This is a case study of an actual subdivision in southeast Louisiana. It illustrates very clearly the huge advantages and cost savings of self-management over using an outside management company.
I. Background
The subject subdivision consists of 233 lots, and contains several lakes, a park, and a playground. The first homes started selling in 2002. For the initial several years, the developer retained control, then a resident HOA board was formed. Annual dues were $100. Little is known about those early years, as apparently no consistent recordkeeping was done. The park and playground remained in the possession of the developer, but in 2008 he offered to donate it to the HOA, as he was largely finished in the subdivision. However, he cautioned that it would be necessary to obtain a liability policy, which cost several thousand dollars annually. The HOA board voted to accept the donation, and to raise dues to $250 per year.

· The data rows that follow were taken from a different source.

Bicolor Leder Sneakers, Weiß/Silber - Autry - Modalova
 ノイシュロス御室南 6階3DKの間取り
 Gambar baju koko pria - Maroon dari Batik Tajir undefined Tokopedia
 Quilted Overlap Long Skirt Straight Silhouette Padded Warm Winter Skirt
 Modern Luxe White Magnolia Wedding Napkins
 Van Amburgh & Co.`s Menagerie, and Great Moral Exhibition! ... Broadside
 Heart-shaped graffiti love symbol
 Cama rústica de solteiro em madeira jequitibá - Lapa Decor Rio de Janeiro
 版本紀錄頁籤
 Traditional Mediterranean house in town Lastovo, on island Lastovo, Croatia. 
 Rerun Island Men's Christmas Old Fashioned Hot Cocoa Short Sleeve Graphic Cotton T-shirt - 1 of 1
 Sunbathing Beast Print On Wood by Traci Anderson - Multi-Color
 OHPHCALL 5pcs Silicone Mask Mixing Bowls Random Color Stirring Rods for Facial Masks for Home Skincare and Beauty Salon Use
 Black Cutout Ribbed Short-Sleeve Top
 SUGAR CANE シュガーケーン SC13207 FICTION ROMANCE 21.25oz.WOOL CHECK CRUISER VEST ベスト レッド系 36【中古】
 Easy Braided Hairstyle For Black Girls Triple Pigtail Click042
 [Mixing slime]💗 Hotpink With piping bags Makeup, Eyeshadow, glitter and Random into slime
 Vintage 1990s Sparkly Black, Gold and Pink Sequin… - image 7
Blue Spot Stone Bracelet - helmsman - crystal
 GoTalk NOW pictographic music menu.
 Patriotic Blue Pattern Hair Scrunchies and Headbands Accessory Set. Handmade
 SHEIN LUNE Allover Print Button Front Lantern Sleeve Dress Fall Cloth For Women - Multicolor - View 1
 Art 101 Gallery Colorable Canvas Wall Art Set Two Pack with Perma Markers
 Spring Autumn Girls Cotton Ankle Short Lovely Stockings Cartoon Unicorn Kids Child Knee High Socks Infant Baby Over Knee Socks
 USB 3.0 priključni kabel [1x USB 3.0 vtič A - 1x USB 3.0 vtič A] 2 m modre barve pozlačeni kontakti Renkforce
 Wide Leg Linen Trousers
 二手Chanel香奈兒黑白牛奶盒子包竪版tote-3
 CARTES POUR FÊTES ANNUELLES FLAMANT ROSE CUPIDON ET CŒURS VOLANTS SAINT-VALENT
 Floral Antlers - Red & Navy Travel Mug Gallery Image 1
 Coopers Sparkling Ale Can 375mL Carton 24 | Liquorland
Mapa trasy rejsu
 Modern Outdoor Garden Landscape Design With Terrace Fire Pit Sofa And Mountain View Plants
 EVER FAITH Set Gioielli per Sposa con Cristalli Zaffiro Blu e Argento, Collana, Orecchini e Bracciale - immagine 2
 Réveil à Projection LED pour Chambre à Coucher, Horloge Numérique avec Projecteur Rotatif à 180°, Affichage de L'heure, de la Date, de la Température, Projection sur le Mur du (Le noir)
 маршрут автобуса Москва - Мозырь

This was very reasonable, especially given that the subject’s amenities were far superior to those of surrounding subdivisions, some of which had higher dues. Over the objections of most residents, the board also felt that outside management was necessary, in order to preserve continuity as board members changed over the years. They interviewed several management companies, and chose the one which seemed to offer the best combination of price and service. The board signed a 3-year contract, which is the shortest that company would allow.
The subdivision’s annual income, assuming every resident pays their dues, is 233 x $250 = $58,250. The management company’s fees started at approximately $11,000 per year, or almost 19% of the entire budget. In return, the company was supposed to handle violations, collections, accounting, purchase recommendations, bill payment, website, and much more.